John Walker is one of the small team over at RockPaperShotgun, and he has throughly detailed the possible advantages and heavy disadvantages of Blizzard’s choices regarding DRM for the upcoming Diablo III. It was announced recently that the game would feature an “online leash” which would require that players have an internet connection even during single player.
Walker begins by noting that Blizzard’s DRM decision is not entirely based around avoiding piracy, like other enraging DRM decisions in recent memory, as it can contain potential perks for players like online leaderboard ranking, auction house activity, and a fluid co-op experience. His concern rests with the potential that Blizzard is forgetting about those that may simply want to play the game solo.

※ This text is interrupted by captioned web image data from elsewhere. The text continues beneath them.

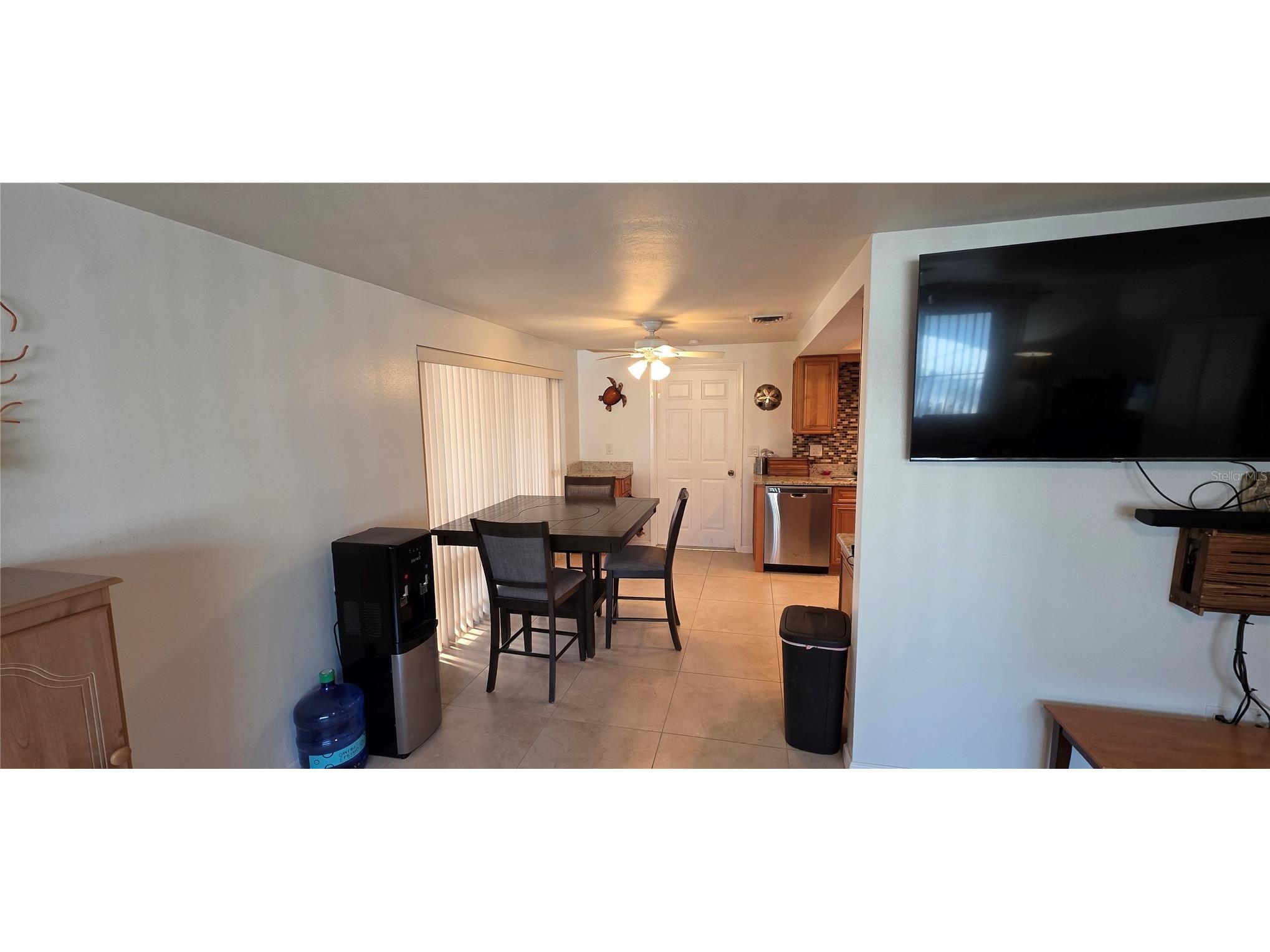 2260 Sandlewood Drive Venice FL 34293 A4682986 image49
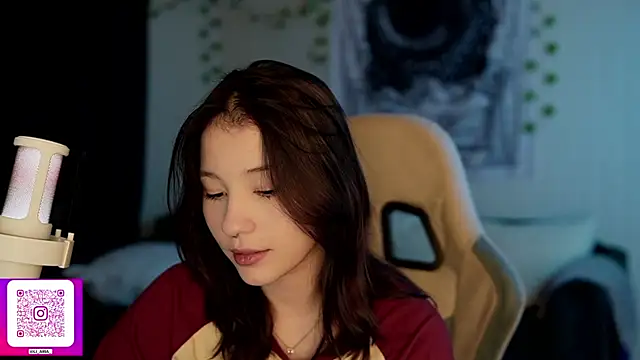 Traharaa online show from September 22, 2025, 4:13 pm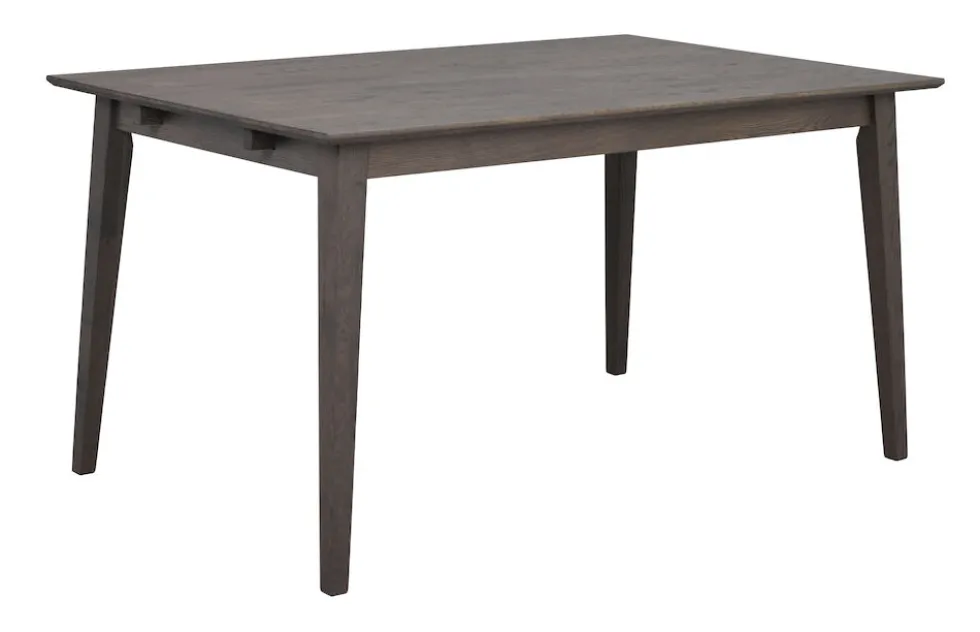 Filippa matbord 140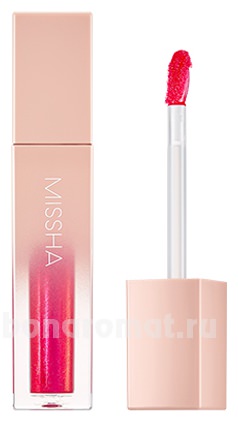    Jellish Lip Slip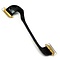 OEM iPad 2 LCD Screen Flex Cable
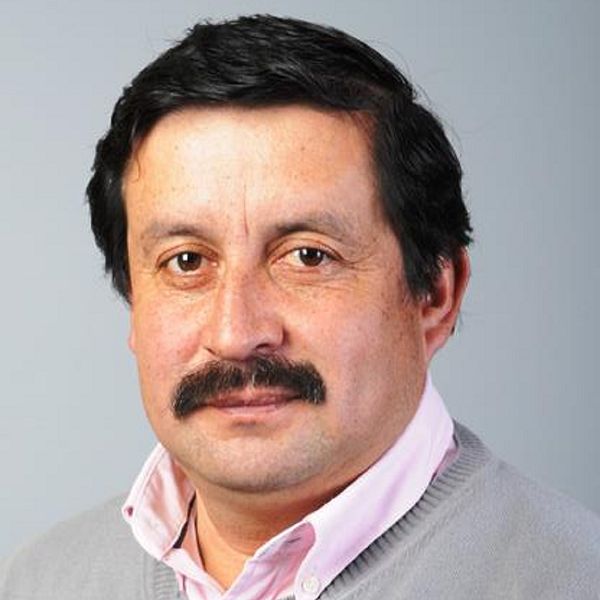 Funcionarios de Curarrehue evalúan demanda colectiva contra alcalde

Speaking from personal experience with the beta, Walker notes that the “always-on DRM makes this the most remarkably annoying process.” He cites multiple problems with server drops and connection hiccups, which ceased the action in confounding ways as it attempted to re-establish. These troubles have led to situations like arrows that won’t shoot and phantom enemies which briefly leave the player in what Walker calls “a ghost of the game”. The game went as far as logging him out after being briefly idle, which removed a huge chunk of progress.
It is a beta, of course, and technical issues like server connectivity are to be forgiven. But, it is a clear indication that Blizzard is embedding the DRM quite deep throughout the game. Walker offers a solution, as well, which is simply to allow the alternative for an entirely offline character. Which is an option that currently doesn’t exist.
Despite the various issues taken with the online components – which are so troubling that Walker goes as far as to call the game “a broken product” – the specific point is made in conclusion that “it’s all the more maddening in what’s, so far, an exceptionally good game.”